NZ Super sets 3°C base case scenario and ups climate monitoring of external fund managers

Fund starts work on a range of climate scenarios and expands manager due diligence

The New Zealand Superannuation Fund says it has developed a “base case” global warming scenario of 3°C and expanded its monitoring of external asset managers’ commitment to its climate change aims.

The NZ$44bn (€25.3bn) fund explained it has started work on a common set of climate change scenarios: a central/base case of 3°C, a high case of 4°C and a low case of 2°C. These are “intended to span the range of outcomes to which most experts would assign a meaningful probability of occurring” and are intended to supplement its climate change valuation framework.

“An assessment of each external manager’s ability and commitment to adhering to our climate change objectives.”

The fund explained in its annual report released today (October 22) that, within each scenario, it distils the range of policy choices down to a single metric – the global carbon price (USD/tonne of CO2 ).

They’re not a forecast but represent the price of carbon needed to implement the change in energy mix that is required in order to achieve the specified climate outcomes.

Key assumptions underpinning the price are the adoption rates of new lower carbon technologies such as renewable power generation, electric vehicle uptake and carbon capture and storage.

It says the central case scenario is approximately in alignment with the global aggregation of current Nationally Determined Contributions (NDCs) – countries’ climate plans under the Paris Agreement.

It has also raised its scrutiny of its external fund managers, saying: “We also expanded our due diligence and manager monitoring processes to incorporate analysis of climate change factors, including an assessment of each external manager’s ability and commitment to adhering to our climate change objectives.”

In June 2017, NZ Super transitioned its NZ$14bn passive global equity portfolio (constituting 40% of the Fund) to low carbon, selling its passive holdings in 297 companies worth NZD950 million.But one climate focused investment, its US$100m backing of alternative energy firm Bloom has been “disappointing”. “Although the company has achieved growth in sales, its performance has lagged market expectations, and the investment performance has been disappointing,” NZ Super said.

In May, it hosted a climate change investment seminar with its New Zealand-based investment managers where it presented “deep dives” into its climate change scenario analysis and case studies on how it integrates climate change considerations.

The report also notes the response to the fund’s engagement with social media providers in the wake of the Christchurch attack in March has been “overwhelming”. The group has 89 participants, representing more than NZ$13trn.
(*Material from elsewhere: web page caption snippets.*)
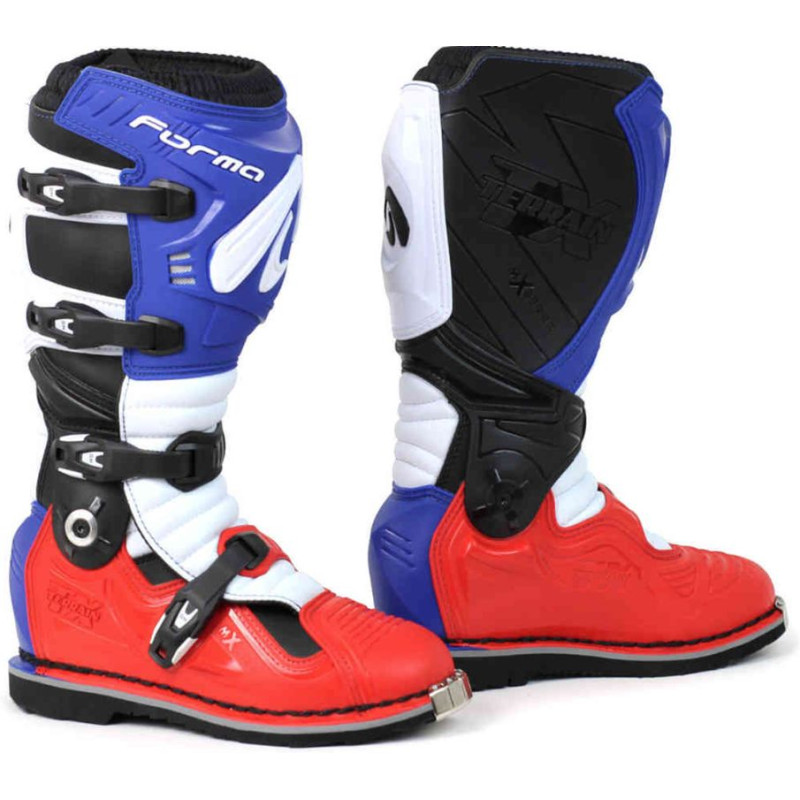 FORMA BUTY TERRAIN EVOLUTION TX KOLOR CZERWONY/NIEBIESKI/BIAŁY ROZMIAR 43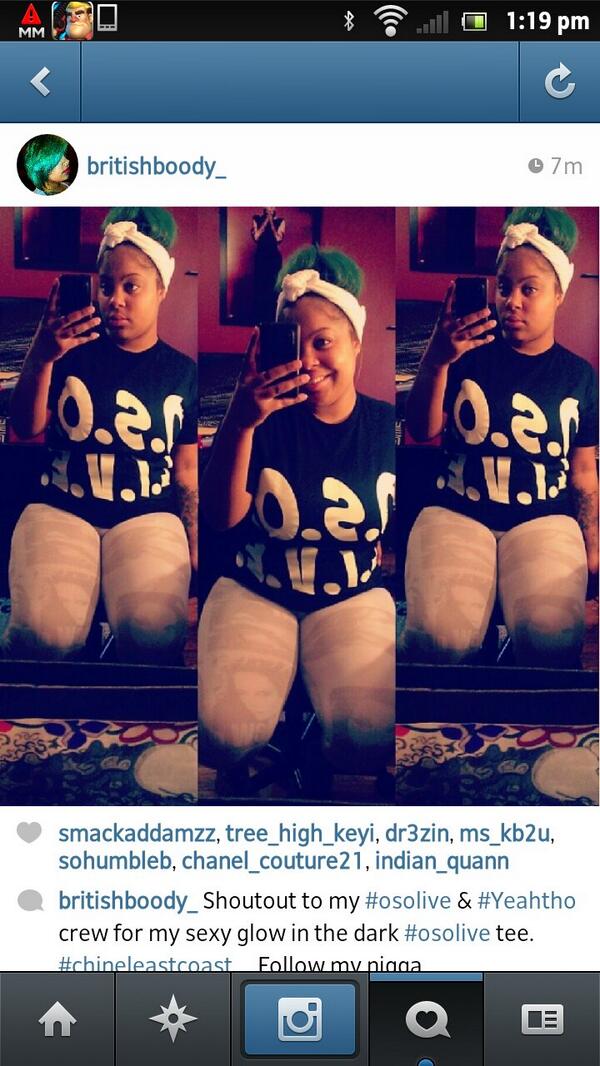 SLove1of1's tweet image. #OsOLIVE on all our clothes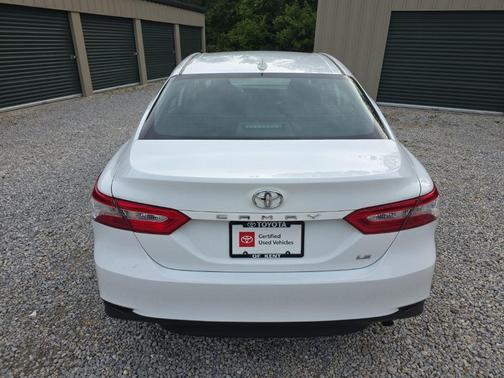 Super White 2020 Toyota Camry LE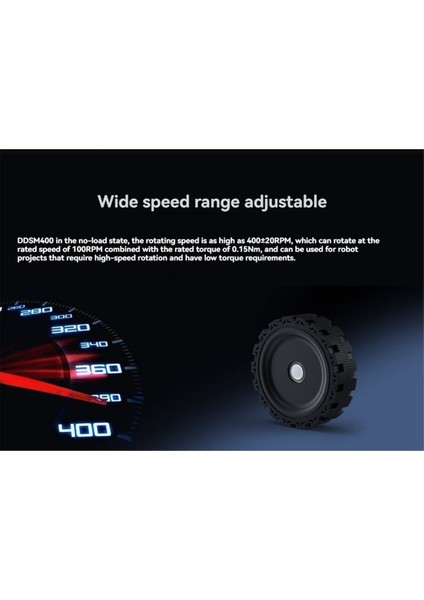 DDSM400 Dc Servo Motor Direct Drive Hub Motor Yüksek Tork Robot Dıy Parçaları Için Düşük Gürültü Motor Sürücüsü (Yurt Dışından) indirimleri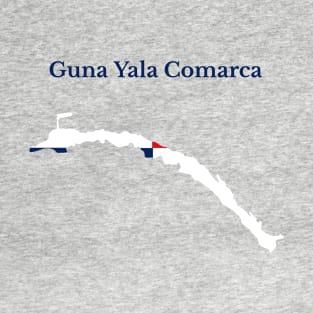 Guna Yala Comarca, Panama. T-Shirt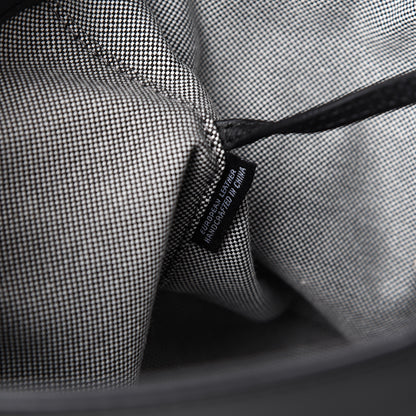 Alexander Wang Calfskin Roxy Large Chain Bucket Black Silver Hardware 6 of 12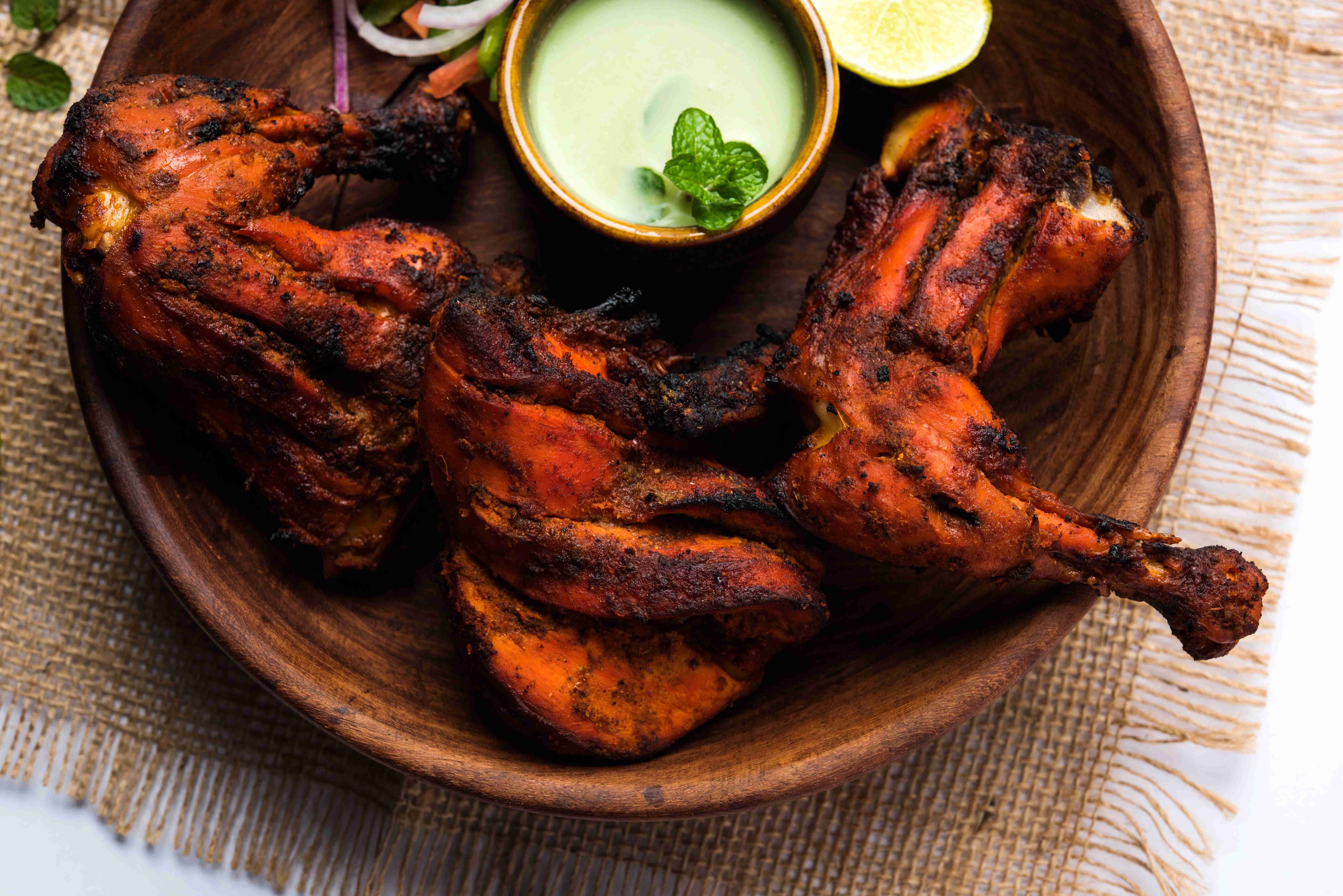 Tandoori Chicken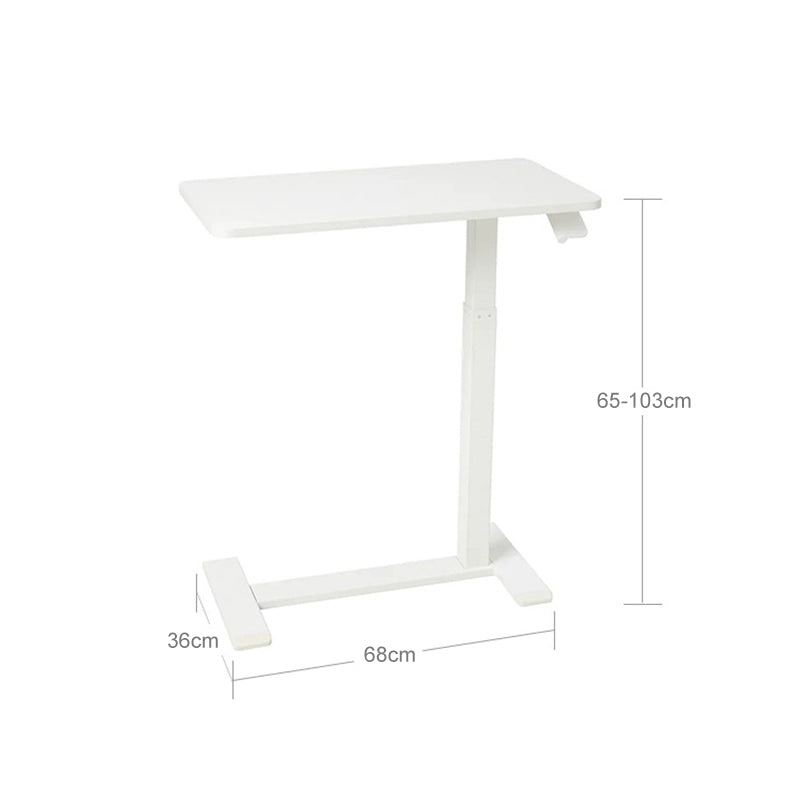 SAKER® Hidden Wheel Pneumatic Height Adjustable Desk
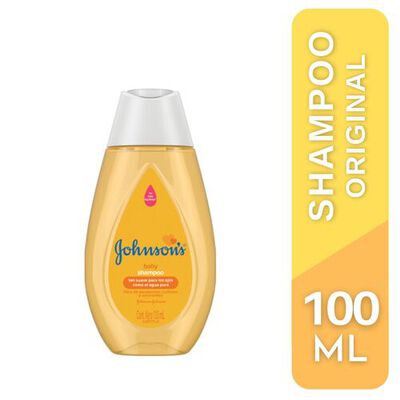 Shampoo Johnson Original - Frasco 100 ML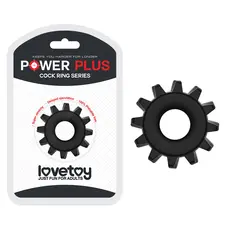 Power Plus Cockring 3 Black - Эрекционное кольцо (черный)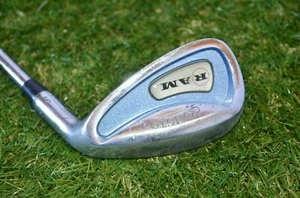 Ram Craigton Sand Wedge Right Handed 34" Steel Stiff New Grip - Picture 1 of 5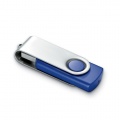 Techmate. USB flash 8GB, Königsblau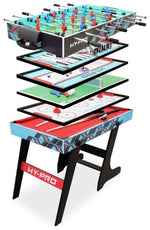 Hy-Pro 4ft 12 In 1 Folding Multi Game Table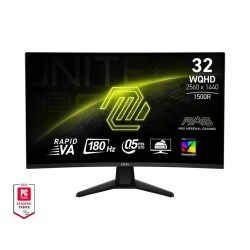 MSI MAG 32CQ6F 31.5" 180Hz VA WQHD Curved Gaming Monitor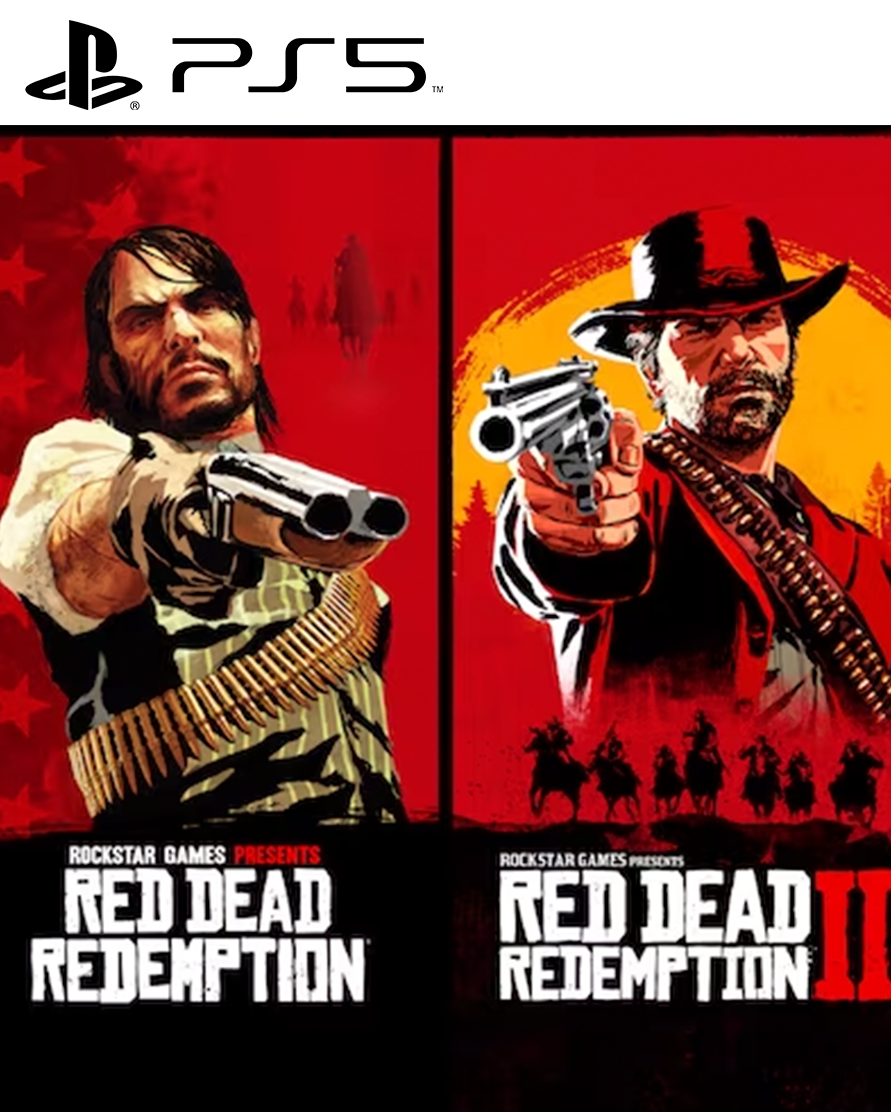 Bundle Red Dead Redemption e Red Dead Redemption 2 PS5 Mídia Digital - Imagem 2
The engagement is being led by Senior Investment Strategist, Responsible Investment, Katie Beith, formerly of the PRI; NZ Super says the engagement will be undertaken in confidence and that milestones will be reported in future annual reports.

Also covered in the report is the introduction, in March 2019, of a new online platform providing full disclosure of all voting decisions.

It said: “Our voting, which we brought in-house last year, is guided by international standards such as the ICGN Global Governance Principles, the G20/OECD Principles of Corporate Governance and, for New Zealand listed companies, the New Zealand Corporate Governance Forum Guidelines and the NZX Code.” It is advised by proxy firm ISS and uses BMO for engagement.

The 225-page report also details the costs of managing its investments during the year: NZ$109.5m (or 0.27% of net assets); of this, external manager fees were NZ$31.3m.

The fund also announced that it has ended its legal action against the Bank of Portugal to recover its investment in Banco Espirito Santo (BES). While it believes it has a sound case it has decided to stop pursuing the case as to make a more “efficient use of the Guardians’ resources and capital”.